ASML, which supplies equipment to major chipmakers such as TSMC, Intel, Samsung, and Micron, warned that 2025 sales would be lower than expected, despite a boom in AI-related chips. Weaker demand in other semiconductor sectors created a sense of caution, impacting the global chip market. Additionally, a Bloomberg report about potential U.S. export restrictions on AI chips added to market jitters.
Chinese stocks also struggled, with the CSI 300 Index falling 0.6% and the Hang Seng Index down 0.7%. Investors are awaiting further details on China's stimulus plans, particularly in the property sector, as the government prepares to discuss measures to promote "steady and healthy" development.

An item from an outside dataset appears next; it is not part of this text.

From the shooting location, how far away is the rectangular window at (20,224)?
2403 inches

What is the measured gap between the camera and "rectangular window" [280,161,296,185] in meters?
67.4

Meanwhile, the U.S. dollar surged, supported by expectations that the Federal Reserve will take a modest rate cut approach. Traders now see a 96% chance of a 25-basis-point rate cut in November. The dollar index hovered near its highest levels since August, pressuring the euro and keeping the yen steady at 149.15 per dollar.
In commodities, oil prices remained steady after sharp declines, with Brent crude up 0.4% at $74.56 per barrel and West Texas Intermediate rising 0.5% to $70.93 as uncertainty around Middle East tensions persisted.